Short descriptive text snippets:
==========

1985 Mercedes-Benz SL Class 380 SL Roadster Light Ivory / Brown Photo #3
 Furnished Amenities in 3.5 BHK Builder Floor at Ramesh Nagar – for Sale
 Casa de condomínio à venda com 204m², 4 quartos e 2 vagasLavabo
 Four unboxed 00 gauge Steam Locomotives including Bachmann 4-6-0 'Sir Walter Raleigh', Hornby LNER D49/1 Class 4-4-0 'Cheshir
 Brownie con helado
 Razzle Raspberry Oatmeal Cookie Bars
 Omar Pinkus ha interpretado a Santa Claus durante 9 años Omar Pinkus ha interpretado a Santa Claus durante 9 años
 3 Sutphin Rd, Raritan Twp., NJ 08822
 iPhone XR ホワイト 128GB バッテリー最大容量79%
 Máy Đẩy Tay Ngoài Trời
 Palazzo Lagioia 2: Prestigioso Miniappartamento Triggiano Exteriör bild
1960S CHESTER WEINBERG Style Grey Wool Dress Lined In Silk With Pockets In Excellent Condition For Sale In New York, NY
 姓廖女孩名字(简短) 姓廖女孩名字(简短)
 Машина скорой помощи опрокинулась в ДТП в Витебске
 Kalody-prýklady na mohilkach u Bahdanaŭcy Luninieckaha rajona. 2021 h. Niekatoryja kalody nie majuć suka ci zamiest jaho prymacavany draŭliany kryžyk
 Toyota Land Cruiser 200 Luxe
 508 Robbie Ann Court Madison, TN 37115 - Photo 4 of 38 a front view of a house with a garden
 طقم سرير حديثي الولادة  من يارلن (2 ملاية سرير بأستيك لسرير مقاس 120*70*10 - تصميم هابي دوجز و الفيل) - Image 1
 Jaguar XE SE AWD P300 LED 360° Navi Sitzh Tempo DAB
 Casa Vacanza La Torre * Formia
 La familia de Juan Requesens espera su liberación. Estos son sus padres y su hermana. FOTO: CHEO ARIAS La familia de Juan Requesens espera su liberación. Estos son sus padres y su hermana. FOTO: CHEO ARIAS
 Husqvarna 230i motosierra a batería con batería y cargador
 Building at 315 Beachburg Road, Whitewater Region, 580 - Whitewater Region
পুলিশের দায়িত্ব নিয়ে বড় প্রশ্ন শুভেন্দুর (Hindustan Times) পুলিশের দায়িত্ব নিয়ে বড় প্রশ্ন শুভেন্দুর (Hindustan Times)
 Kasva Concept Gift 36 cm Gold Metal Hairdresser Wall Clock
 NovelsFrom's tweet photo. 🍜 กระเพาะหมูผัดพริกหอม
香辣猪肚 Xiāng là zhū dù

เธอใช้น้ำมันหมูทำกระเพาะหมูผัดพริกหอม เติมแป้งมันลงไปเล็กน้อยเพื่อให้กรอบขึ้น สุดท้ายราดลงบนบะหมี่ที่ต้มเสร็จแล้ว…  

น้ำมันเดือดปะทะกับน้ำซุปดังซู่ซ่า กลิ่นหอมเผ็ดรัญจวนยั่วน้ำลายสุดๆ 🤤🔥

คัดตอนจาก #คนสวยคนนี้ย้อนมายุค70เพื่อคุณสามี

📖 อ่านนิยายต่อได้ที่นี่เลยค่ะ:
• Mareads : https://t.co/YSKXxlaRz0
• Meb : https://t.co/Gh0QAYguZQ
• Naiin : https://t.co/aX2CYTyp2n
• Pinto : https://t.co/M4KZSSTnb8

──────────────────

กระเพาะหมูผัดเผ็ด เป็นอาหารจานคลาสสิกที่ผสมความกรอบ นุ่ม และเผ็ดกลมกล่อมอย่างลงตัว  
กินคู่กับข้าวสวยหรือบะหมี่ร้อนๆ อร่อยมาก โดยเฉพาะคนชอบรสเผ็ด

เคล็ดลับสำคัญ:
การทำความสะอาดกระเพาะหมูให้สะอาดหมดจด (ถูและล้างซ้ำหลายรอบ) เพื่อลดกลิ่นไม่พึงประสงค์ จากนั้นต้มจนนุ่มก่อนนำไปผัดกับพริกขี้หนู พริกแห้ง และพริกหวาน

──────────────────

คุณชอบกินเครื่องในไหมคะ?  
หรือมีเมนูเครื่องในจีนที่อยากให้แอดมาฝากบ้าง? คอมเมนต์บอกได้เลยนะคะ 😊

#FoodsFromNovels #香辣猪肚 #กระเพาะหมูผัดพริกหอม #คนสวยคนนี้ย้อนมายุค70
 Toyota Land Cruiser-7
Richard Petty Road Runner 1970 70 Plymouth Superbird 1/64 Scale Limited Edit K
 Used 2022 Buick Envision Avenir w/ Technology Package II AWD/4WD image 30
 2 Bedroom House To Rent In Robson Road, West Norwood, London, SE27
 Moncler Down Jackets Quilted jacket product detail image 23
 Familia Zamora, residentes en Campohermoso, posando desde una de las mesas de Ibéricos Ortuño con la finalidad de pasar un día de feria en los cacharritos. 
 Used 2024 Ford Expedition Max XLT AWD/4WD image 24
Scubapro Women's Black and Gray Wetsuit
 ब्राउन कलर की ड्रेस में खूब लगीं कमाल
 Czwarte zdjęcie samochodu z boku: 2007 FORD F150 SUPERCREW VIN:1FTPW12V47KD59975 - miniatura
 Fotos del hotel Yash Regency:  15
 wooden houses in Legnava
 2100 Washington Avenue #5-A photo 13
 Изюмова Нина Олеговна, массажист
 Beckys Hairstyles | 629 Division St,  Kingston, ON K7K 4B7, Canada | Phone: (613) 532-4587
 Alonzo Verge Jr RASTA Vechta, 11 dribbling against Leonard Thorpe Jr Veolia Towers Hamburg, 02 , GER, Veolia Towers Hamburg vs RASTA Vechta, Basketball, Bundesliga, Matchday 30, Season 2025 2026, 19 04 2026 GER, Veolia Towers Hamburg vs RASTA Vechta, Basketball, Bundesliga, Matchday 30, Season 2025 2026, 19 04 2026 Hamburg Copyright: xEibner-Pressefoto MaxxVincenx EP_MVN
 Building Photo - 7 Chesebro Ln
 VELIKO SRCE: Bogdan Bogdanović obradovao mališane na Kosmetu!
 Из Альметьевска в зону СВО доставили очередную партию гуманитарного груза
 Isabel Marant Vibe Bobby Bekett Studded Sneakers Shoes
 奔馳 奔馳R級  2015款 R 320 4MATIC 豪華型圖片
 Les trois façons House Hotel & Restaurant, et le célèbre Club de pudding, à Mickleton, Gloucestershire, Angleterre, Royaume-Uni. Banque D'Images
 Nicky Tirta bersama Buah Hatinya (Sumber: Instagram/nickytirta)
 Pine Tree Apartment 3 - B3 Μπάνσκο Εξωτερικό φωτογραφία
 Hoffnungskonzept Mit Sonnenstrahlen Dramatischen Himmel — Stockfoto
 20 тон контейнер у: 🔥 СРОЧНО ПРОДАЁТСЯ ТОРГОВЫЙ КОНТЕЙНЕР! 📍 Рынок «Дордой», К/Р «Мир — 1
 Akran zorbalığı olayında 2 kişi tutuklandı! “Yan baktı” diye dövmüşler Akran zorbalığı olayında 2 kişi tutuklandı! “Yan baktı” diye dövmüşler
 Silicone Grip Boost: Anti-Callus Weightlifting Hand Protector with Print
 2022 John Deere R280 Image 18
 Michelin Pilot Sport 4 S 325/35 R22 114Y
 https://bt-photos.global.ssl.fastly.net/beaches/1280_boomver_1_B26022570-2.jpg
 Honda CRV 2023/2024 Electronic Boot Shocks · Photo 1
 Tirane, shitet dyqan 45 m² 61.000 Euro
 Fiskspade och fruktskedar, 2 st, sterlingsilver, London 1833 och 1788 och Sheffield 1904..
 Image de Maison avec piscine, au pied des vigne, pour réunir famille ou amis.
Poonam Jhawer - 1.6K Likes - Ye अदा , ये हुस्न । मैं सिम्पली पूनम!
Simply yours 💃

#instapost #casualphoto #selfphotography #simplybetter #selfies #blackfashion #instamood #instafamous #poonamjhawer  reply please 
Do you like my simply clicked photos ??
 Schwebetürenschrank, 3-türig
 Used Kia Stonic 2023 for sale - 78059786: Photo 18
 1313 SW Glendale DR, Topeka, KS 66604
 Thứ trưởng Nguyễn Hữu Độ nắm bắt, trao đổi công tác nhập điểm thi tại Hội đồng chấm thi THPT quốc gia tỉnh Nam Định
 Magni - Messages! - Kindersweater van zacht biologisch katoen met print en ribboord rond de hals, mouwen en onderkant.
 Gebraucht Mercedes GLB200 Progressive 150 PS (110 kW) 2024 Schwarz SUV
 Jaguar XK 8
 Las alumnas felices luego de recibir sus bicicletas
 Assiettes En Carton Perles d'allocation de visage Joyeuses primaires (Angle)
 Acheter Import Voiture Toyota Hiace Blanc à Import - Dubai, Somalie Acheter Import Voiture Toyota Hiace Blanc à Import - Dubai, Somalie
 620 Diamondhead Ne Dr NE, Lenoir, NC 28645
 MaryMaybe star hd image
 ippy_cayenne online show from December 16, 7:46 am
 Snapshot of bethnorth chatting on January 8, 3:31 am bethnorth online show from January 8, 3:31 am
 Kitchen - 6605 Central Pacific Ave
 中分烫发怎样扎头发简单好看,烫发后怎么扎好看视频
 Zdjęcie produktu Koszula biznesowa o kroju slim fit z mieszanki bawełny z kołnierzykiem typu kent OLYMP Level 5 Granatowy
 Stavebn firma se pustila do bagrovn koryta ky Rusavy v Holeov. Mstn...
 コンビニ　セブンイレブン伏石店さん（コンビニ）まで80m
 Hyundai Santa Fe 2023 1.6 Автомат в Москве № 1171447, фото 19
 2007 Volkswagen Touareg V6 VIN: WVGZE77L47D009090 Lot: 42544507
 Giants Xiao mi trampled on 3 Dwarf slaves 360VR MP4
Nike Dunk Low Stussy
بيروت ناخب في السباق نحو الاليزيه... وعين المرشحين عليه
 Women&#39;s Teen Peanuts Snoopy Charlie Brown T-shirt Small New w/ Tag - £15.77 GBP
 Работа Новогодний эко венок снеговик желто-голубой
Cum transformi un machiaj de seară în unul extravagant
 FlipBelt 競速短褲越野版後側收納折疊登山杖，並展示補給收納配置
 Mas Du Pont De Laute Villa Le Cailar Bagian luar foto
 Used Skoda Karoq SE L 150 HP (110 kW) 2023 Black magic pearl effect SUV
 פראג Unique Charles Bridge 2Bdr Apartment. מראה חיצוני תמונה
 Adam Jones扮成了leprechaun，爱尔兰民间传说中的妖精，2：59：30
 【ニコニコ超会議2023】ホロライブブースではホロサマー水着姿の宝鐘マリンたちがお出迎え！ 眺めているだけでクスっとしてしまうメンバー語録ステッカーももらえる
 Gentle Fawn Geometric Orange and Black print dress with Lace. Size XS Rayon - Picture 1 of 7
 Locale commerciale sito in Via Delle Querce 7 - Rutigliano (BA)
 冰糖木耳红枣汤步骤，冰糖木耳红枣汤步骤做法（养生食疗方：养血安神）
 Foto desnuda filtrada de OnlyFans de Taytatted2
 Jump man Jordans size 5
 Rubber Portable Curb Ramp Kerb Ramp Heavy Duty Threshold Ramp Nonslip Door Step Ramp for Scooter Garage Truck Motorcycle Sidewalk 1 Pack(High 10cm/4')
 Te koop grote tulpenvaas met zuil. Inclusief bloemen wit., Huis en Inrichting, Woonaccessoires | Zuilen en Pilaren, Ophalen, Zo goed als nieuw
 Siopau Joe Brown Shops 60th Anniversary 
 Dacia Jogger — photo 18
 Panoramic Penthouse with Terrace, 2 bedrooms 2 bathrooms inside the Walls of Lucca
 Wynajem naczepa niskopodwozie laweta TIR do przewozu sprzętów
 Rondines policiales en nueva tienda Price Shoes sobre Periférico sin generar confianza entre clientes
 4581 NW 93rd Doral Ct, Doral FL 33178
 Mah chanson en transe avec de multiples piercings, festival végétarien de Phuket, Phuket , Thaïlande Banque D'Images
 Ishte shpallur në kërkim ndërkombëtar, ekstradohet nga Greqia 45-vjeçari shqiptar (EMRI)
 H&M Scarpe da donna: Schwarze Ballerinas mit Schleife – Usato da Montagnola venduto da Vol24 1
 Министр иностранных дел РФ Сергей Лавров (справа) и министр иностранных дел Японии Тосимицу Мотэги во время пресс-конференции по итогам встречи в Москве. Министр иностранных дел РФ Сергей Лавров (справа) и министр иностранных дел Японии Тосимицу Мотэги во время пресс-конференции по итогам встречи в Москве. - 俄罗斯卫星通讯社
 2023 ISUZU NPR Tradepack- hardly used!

==========

- _INSTRUCTIONS FOR THE TASK_
Only a number is expected here: the count of lines in the records above that include the word "Cruiser".

- _WRITTEN SOLUTION_
2